Thursday, November 15, 2007

Looking back to the past to build our future

I am incredibly heartened by 30-year old Fahmi Reza and his documentary 10 Tahun Sebelum Merdeka about the pre-independence nation-wide hartal. It was first brought to my attention by Rachel, and in the aftermath of the Oct 11 march, Tricia asked if we ought to screen it (there’s this group that meets in my home to watch lesser known movies). Why not? I would love to see it on a wide screen.

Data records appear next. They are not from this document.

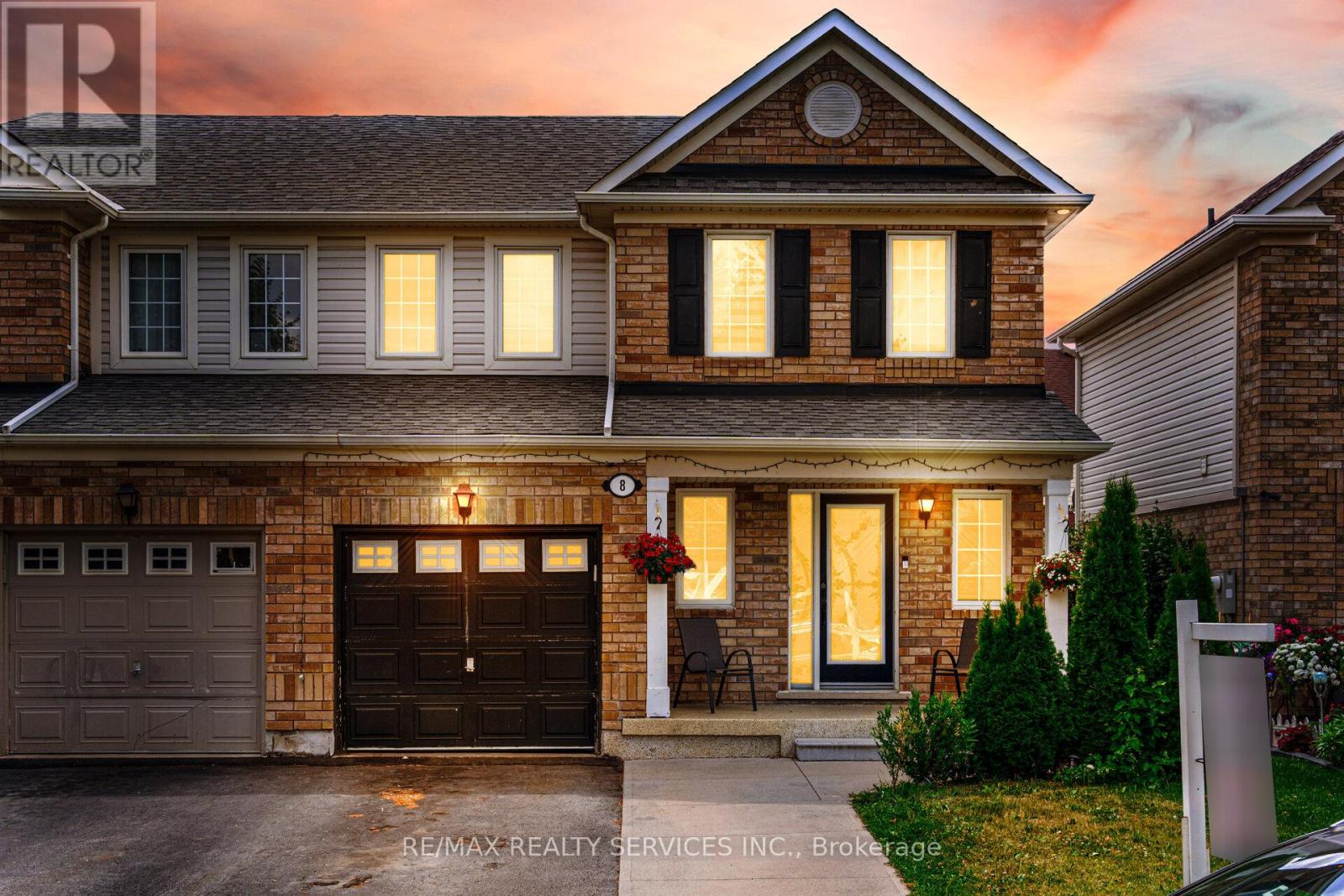 8 SWEETWOOD CIRCLE|Brampton (Fletcher's Meadow), Ontario L7A2R9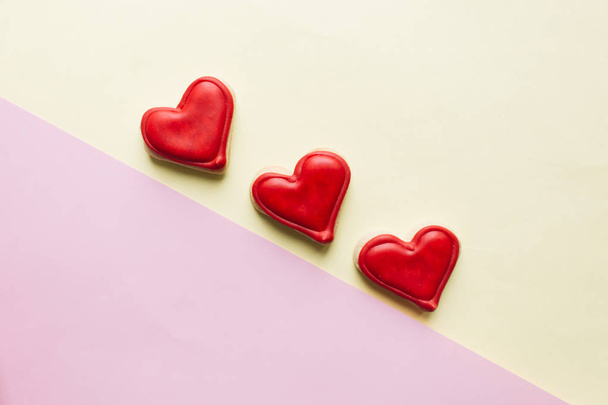 cookies in hart vorm met rode glazuur - Foto, afbeelding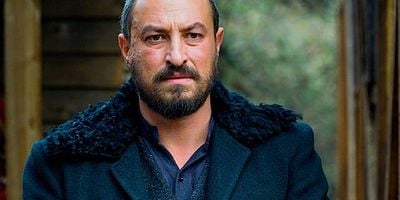 Cartel de Vatanım Sensin 35.Bölüm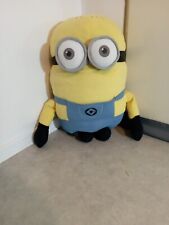 Grande peluche minion d'occasion  Lilles-Lomme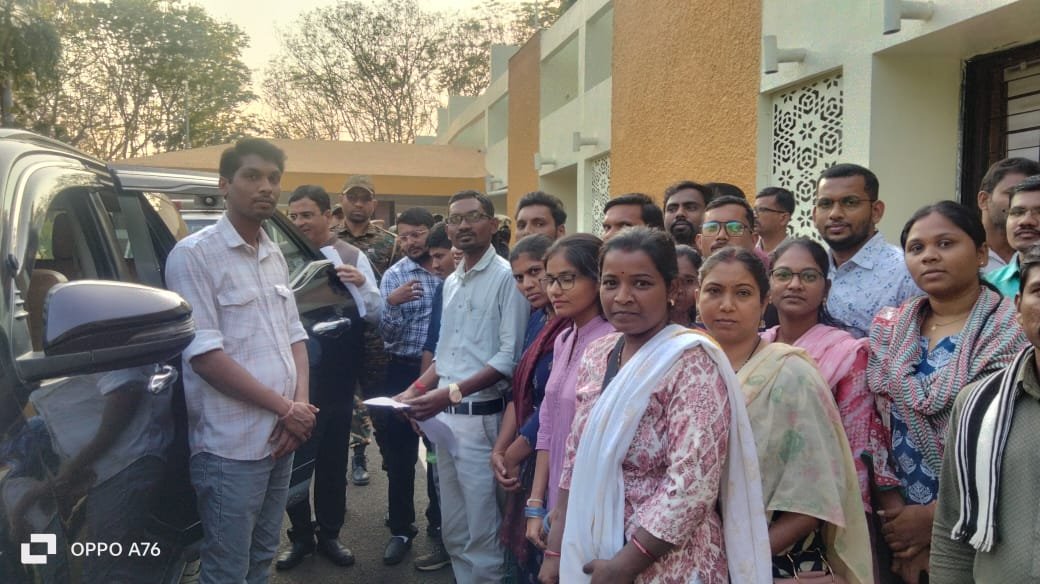 गडचिरोली:आम्हाला बेरोजगार करू नये, मुख्यमंत्री युवा कार्य प्रशिक्षणार्थ्यांची निवेदनातून विनंती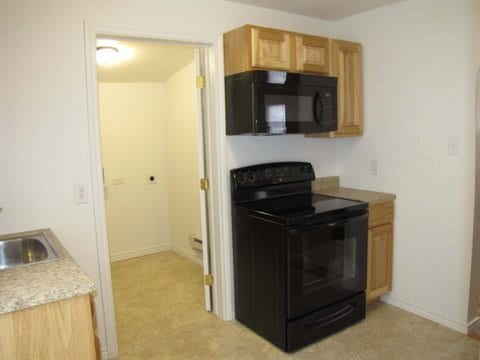 Building Photo - 2 BEDROOM, 1 BATHROOM SINGLE FAMILY HOME C...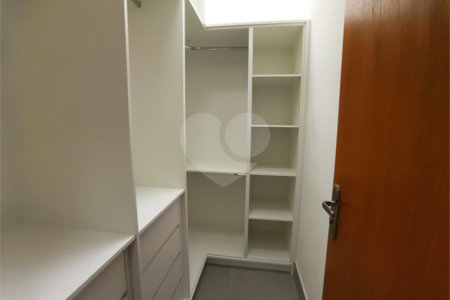 Casa à venda com 3 quartos, sendo 1 suíte,  no condomínio Terras de São Francisco, Sorocaba - SP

I felt a deep sense of gratitude and pride that a new generation of thoughtful Malaysians was finding its voice and speaking up for Malaysia, and not narrow communalism. His own research into our recent past has shed light on a little known nationalistic struggle that has been conveniently usurped by the construction of a mythic narrative more suited to the vested interest of UMNO. In his interview, he said,

It’s true that our school history books, for the most part, highlight the role that is played by just one party or group. Other groups are mentioned but are not given focus or are labelled anti-government or anti-something. For me, this happens because, any history at all, and this can probably be applied to any country, history is always written by those in power.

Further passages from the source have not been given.